Le gentilhomme hongrois ou écossais qui devait encore, il y a moins d'un siècle, affronter boue, neige et pluie lors de ses déplacements quotidiens, que ce soit à cheval ou à pied, dans des rues qui ne connaissaient pas toujours le tout à l'égout, et dans un monde qui ne connaissait pas encore le réchauffement terrestre, y portait au contraire une très grande attention car, pour lui, une chaussure qui prenait l'eau signifiait des heures d'inconfort.

On peut également noter, arrivé à ce stade,  qu'il n'y a pas qu'un seul cousu goiser -- ce serait trop simple. Attila Cipo, un autre bottier hongrois, en utilise par exemple une variante à trois coutures parallèles (verticale, horizontale et oblique, bien visibles sur cette photo) sur ses modèles traditionnels. Mais on atteint là les limites du genre, car trois coutures au niveau de la trépointe vont vite créer une masse difforme, au fur et à mesure que s'y accumuleront saletés, cirage et graisse, et pénaliseront vite l'esthétique de l'ensemble.

Une note finale: d'où vient le nom de ce cousu goiser?

Sevan Minasian, collectionneur et trader extraordinaire de chaussures vintage, explique qu'il nous vient d'une localité autrichienne, Bad Goisern, dans la région du Salzkammergut, au sud-est de Salzbourg, où il aurait été inventé par un bottier qui trouvait que ses bottes de marche n'étaient ni assez solides, ni assez étanches.

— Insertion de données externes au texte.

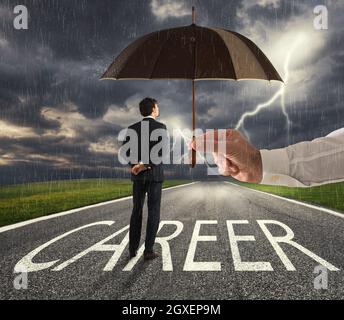 Homme d'affaires prêt à commencer une longue carrière difficile avec une grande aide d'un parapluie. Concept de soutien et d'assistance Banque D'Images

Il est en tout cas assez remarquable qu'une région reculée, située dans une zone de montagne pas particulièrement connue pour la fabrication de chaussures, ait donné son nom à une technique de fabrication qui n'a toujours pas été dépassée en matière de qualité. Elle est devenue rare, car lente et complexe à réaliser, et donc chère pour les bourses contemporaines: un montage goiser, par exemple, peut exiger environ 800 points de couture et plusieurs jours de travail.

Cela témoigne aussi de ce que, à travers l'Europe, les artisans arrivent souvent à des solutions similaires lorsqu'il sont confrontés à un même problème -- dans ce cas, comment garder le pied au sec avant qu'un n'invente le caoutchouc. Norvégien, goiser, ou veldtschoen, même combat?